I’m COMPLETELY lost on the topic of replication and backup on TrueNAS/ZFS. The best I can think of is to describe the scenario and ask the questions that come to mind.
I have the following basic scenario:
I have a pool with, let’s say, 5 datasets. Each has between a few GB to TB of data.
Each dataset has a snapshot task daily that keeps snapshots for 2 weeks, so each dataset will have 14 snapshots at a time
These Snapshots would usually be, with light use, between a few KB, MB or GBs, since it’s only saving the differential to the last snapshot
What is the size of the first snapshot? Is it essentially empty?
So when I use replication to a different pool (in my case a 16TB external HardDrive):
I copy snapshots from one pool to the other
TrueNAS suggest I copy all 14 snapshots. Why? I only want to backup my data at a certain time.
If I copy the snapshots: I assume they are between a few KBs or at most GBs big. Is that even a backup? Can I restore data from those snapshots without the original data?
TrueNAS suggest that I delete the snapshots after a period. Why do I want a period? I just want to have 1 backup at the time of the replication task. Do snapshots not work for that?
What happens if I don’t backup for 2 weeks. Will my snapshots get deleted from my backup?
What I want in the most basic case:
I have my pool with datasets
I want these datasets to be replicated to my backup drive in case anything happens.
I want to be able to restore all data in case of a catastrophic failure
Can someone explain this to me? Not a single YouTube Video or Blog post I read makes any of this clear to me.
This is because the snapshot names match the pattern of a Periodic Snapshot Task or naming schema. You can specify a more granular selection in the Replication Task’s options, but it’s really not worth it.
See my first comment.
You can keep snapshots forever if you want. TrueNAS probably suggests pruning so that you don’t fill up your pool if your snapshots contain large amounts of unique data. It’s also nice to keep things tidy.
Supposedly TrueNAS tries to prevent this by not pruning common base snapshots from the destination before a successful incremental replication. Supposedly.
I can confirm that under 25.04.1 TrueNAS replication does not delete the most recent snapshot of a replicated dataset, even if the dataset is deleted on the source.
Because of the way ZFS Replication works. The first replication copies a specific snapshot from the source to the destination, this is the equivalent of an old school FULL backup. The next replication copies the differences between the first snapshot and the second snapshot which will just be the blocks that were changed between the time of the first snapshot and the time of the second. This is the equivalent of an old school INCREMENTAL backup.
You need both the original snapshot (FULL) and all subsequent snapshots (INCREMENTALs) to have a complete copy of the data. ZFS is smart enough that if you delete the original snapshot, it knows that the second snapshot refers to the data that was part of the original snapshot so it does not delete the data.
To reduce the amount of space used. Each snapshot will keep the space that is unique to it from being freed up for other uses.

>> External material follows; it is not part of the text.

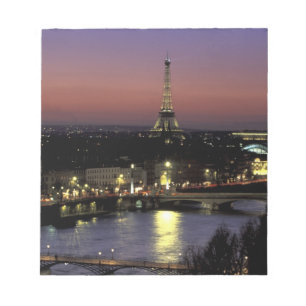 Bloc-note Europe, France, Paris, Vue du coucher de soleil su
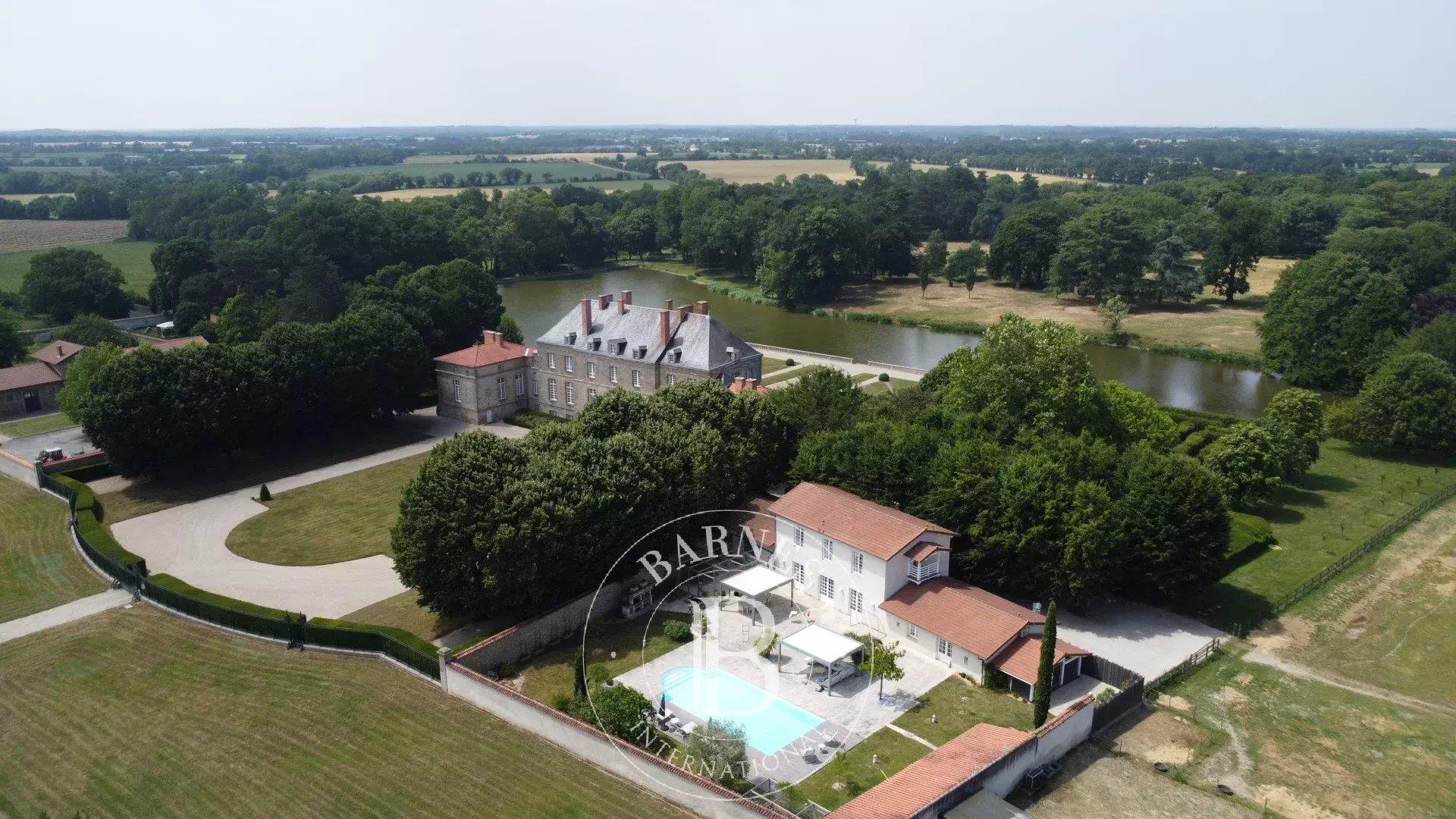 Vendée (85) - 18th century listed chateau - Estate of 42 hectares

It sounds like you are saying you only want one FULL backup and don’t care about the time to create the FULL backup. On my home system it takes over 24 hours to complete the initial replication (the first FULL copy). Each incremental copy (I take a snapshot every hour and keep for 2 weeks, I have other snapshots I keep for longer), takes a few minutes to replicate (unless I made huge changes :-).
The way businesses typically describe data backup is in terms of how often and how long to keep. For example:
Backup every hour and keep for 2 weeks
Backup once per day (at midnight) and keep for 2 months
Backup once per month (1st day of month) and keep for 2 years
So the restore resolution will depend on how old the data is. Data within 2 weeks can be restored to hourly resolution. Data more than 2 weeks old but less than 2 months old can be restored to daily resolution. Data more than 2 months old but less than 2 years can be restored to monthly resolution.
How the system accomplishes the above does not matter as long as you can get the restore resolution you need. So the details of how many and which snapshots are saved and replicated really do not matter as long as you can get your data back with the time resolution you need.
So how would you describe your backup / restore needs in terms of the above; how often and for how long?
The backup drive is in 99% supposed to be a cold backup. For hot backup(/restoring up to 14 days old changes) I already have the snapshots on the original pool itself.
Ideally I want to backup the current state of the source dataset to the backup dataset/pool at least once a week, ideally probably every other day or 3 to reduce load.
Why the time feels like such an issue to me: Ideally I want to specify number of snapshots. In a minimal case I want to have the last “1” snapshot backed up to the backup pool that contains all my up-to-date data.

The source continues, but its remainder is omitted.